Le Tre Leggi della robotica, come sa chi ha letto i racconti di Isaac Asimov sull’argomento, sono codificate nel cervello positronico dei robot e ne regolano la condotta. Un robot non può mai violare queste leggi: può semmai darne un’applicazione che non era quella prevista dai suoi costruttori, ed è di solito da questa possibilità che nei racconti di Asimov sorgono i problemi che innescano il meccanismo narrativo, ma non potrà mai e poi mai infrangere le Tre Leggi (alcuni robot particolarmente evoluti ricavano per estrapolazione anche la cosiddetta Legge Zero, simile alla Prima Legge ma riferita all’umanità nel suo complesso, ma questo è un altro discorso). Insomma, un robot non è libero.

L’essere umano, invece, è tutt’altra faccenda.

 

Mi si chiede un parere sul passato della Chiesa, sugli errori ed orrori che ne hanno funestato la storia. Ma su questo argomento, al di là di questo e quell’episodio controverso, c’è un problema preliminare da risolvere. Io non sono riluttante ad ammettere con amarezza le pagine nere della storia cattolica, ove si sono effettivamente verificate; però non posso fare a meno di notare come tante volte la vulgata corrente sia impregnata di imprecisioni, inesattezze, supposizioni spacciate per certezze, ed anche panzane colossali. Troppe volte sento o leggo discorsi superficiali e pressappochisti, che oggi possiamo definire con un felice neologismo danbrownate. Molte persone dalla sensibilità anticattolica si scagliano contro la credulità che i credenti avrebbero verso la Bibbia, ma allo stesso tempo riservano questa stessa credulità verso qualche “leggenda nera” che prendono per oro colato: Galileo, i “milioni di vittime” dell’Inquisizione, eccetera…

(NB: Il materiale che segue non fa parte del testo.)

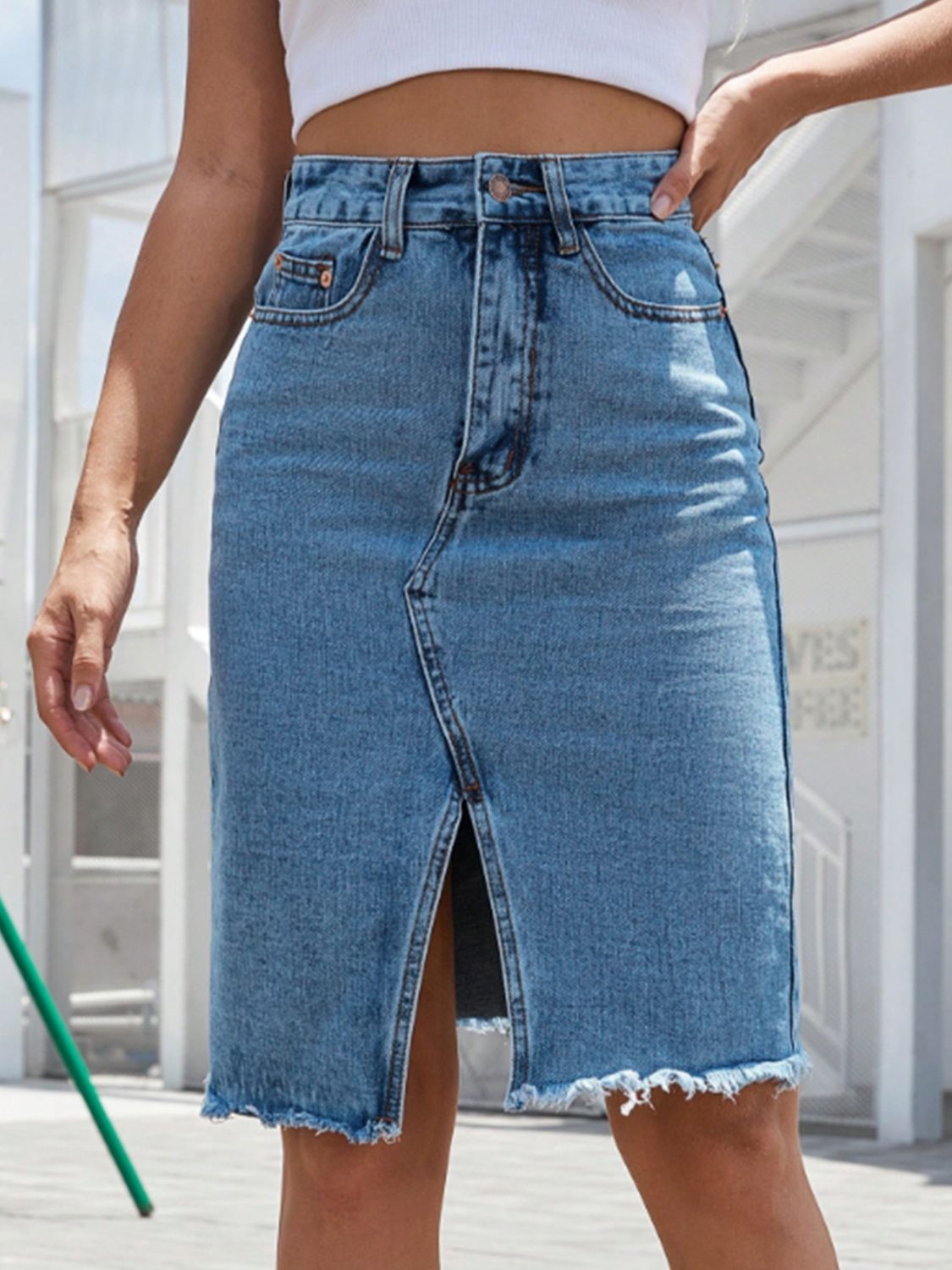 Raw Hem Slit Denim Skirt.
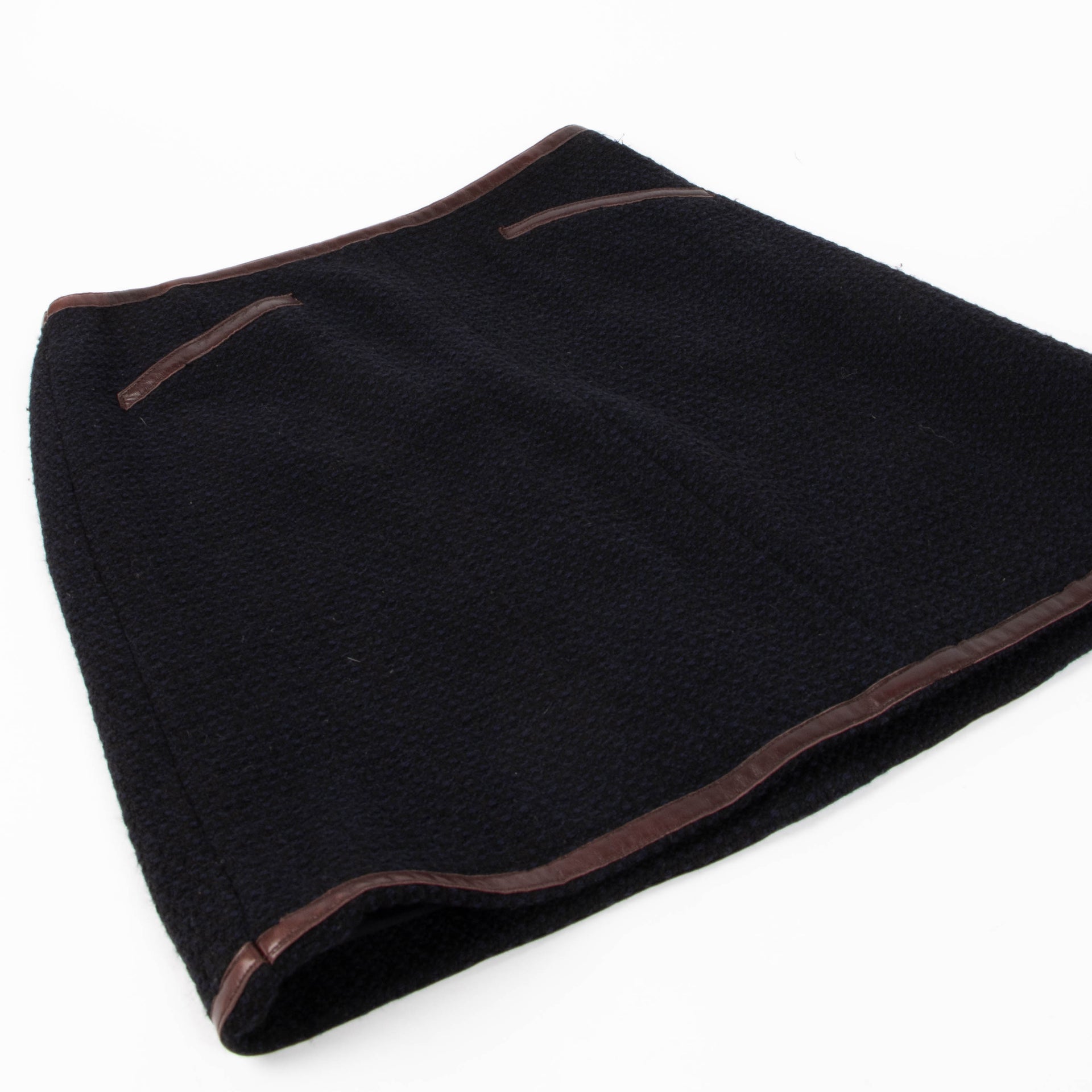 Shop this authentic Chanel Navy Blue Tweed Wool Skirt - Size 40  pre-loved on Labellov.com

Comunque, al netto di tutte le leggende nere da sfatare, è innegabile che in circa due millenni sono successe tante cose riprovevoli. Certo, è un po’ singolare che sovente le critiche vengano da chi supporta ideologie che hanno la coscienza molto più sporca, ma dopotutto le colpe altrui non cancellano le proprie. Mi si replica, però, che questi partiti e queste ideologie non accampavano alcuna autorità divina: invece la Chiesa lo fa, e se nella sua storia non mancano il male e l’ingiustizia, come può allora esserci Dio a capo di tutta la baracca?

Questo ci riporta alla questione del libero arbitrio, il dono che Dio fa all’uomo fin nei suoi esiti più radicali, fino alla libertà del male. Il diritto naturale, i dieci comandamenti, i precetti evangelici, il catechismo: queste leggi morali non sono le Tre Leggi della Robotica. Dio ci ha dato le “istruzioni” per il bene, ma non ci ha tolto la possibilità di disattenderle. Entrare col battesimo nella comunità cattolica non ci rende automi telecomandati dallo Spirito Santo. La grazia divina ci dà la possibilità di ascendere a grandi altezze di bontà, ma non ci toglie la libertà di precipitare in abissi di cattiveria. Siamo liberi, e se questo ci dà la responsabilità del male che compiamo, dà anche più valore al bene che facciamo. Nessuna discussione sulla storia della Chiesa può arrivare ad una conclusione positiva e condivisa, se prima non si ammette il valore del libero arbitrio.

 

Se qualche genitore sta leggendo questa discussione, colgo l’occasone per porre un quesito interessante. Se aveste la possibilità di sottoporre i vostri figli ad un’operazione di lobotomia che avesse come unico effetto quello di privarli della libertà di comportarsi male, lo fareste? Niente vetri rotti, niente bugie, niente capricci, niente di tutto quello che non vi piace. Qualcuno lo farebbe?